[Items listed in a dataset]

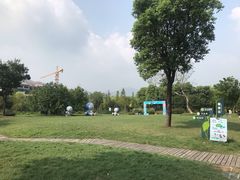 -长兴太湖图影湿地文化园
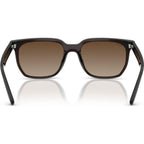 RB4466D, Transparent Dark Brown/Brown Gradient Lenses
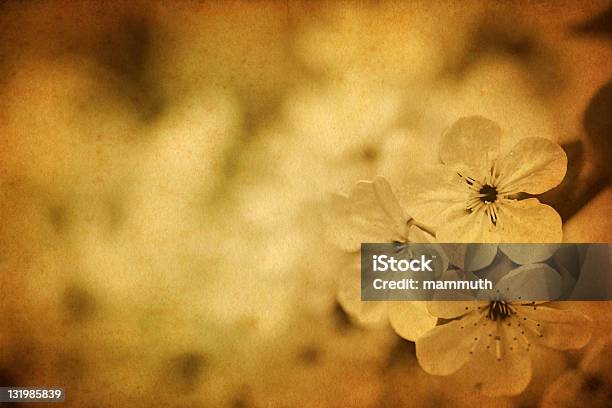 Vintage Kwiat Wiśni - zdjęcia stockowe i więcej obrazów Antyczny - Antyczny, Automatyczny filtr postprodukcyjny, Bez ludzi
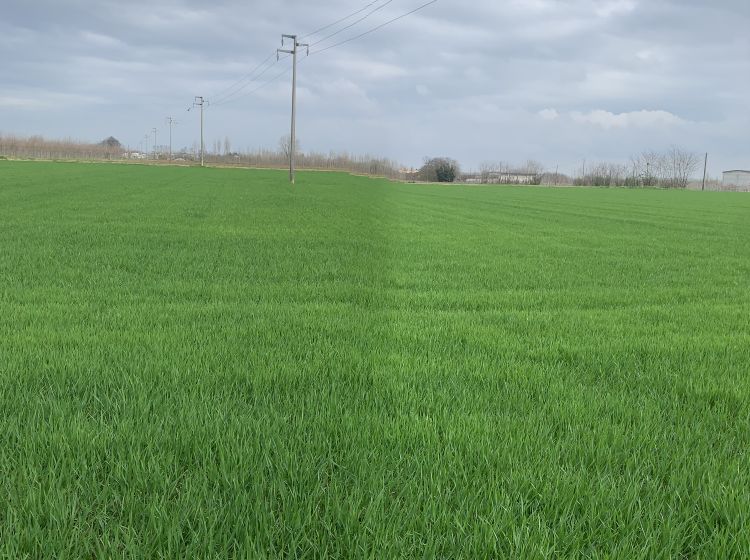 Terreno residenziale in vendita, via Grazia Deledda, Canneto Sull'oglio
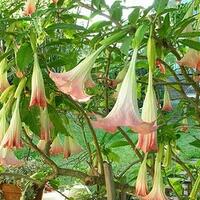 7-bunga-cantik-mengandung-racun-mematikan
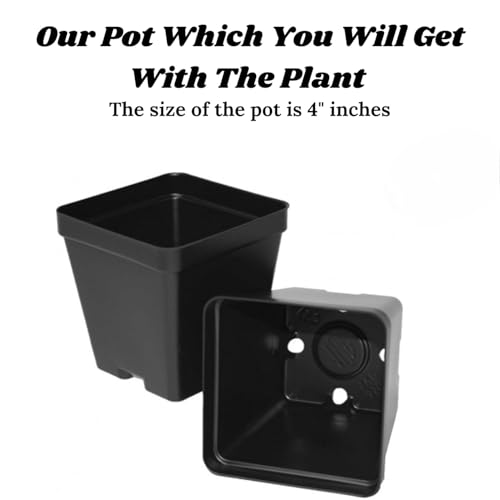 Live Purple Lavender Plant in Black Pot | All Season Fragrant Flowering Tree | Healthy Indoor Outdoor Live Plant for Home Garden & Decoration (LAVENDER PLANT) || GH ||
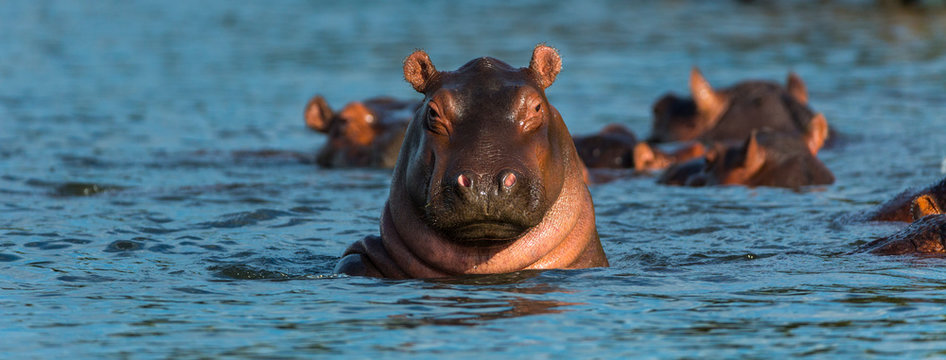 COMMON HIPPO (Hippopotamus amphibius), Zambezi river, Victoria Falls or Mosi-Oa-Tunya, Zambia and  Zimbabwe, Africa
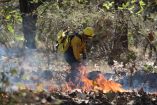 Los indicadores de la Temporada de Incendios Forestales 2026 muestran un escenario favorable.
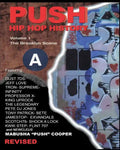 Push Hip Hop History: The Brooklyn Scene - Paperback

--- WHAT NEEDS TO BE DONE ---
Leave out every picture, and write out exactly the lines from the one with "Live Purple Lavender" through the end of the records above, both ends included.

--- FINISHED TASK ---
 Live Purple Lavender Plant in Black Pot | All Season Fragrant Flowering Tree | Healthy Indoor Outdoor Live Plant for Home Garden & Decoration (LAVENDER PLANT) || GH ||
 COMMON HIPPO (Hippopotamus amphibius), Zambezi river, Victoria Falls or Mosi-Oa-Tunya, Zambia and  Zimbabwe, Africa
 Los indicadores de la Temporada de Incendios Forestales 2026 muestran un escenario favorable.
 Push Hip Hop History: The Brooklyn Scene - Paperback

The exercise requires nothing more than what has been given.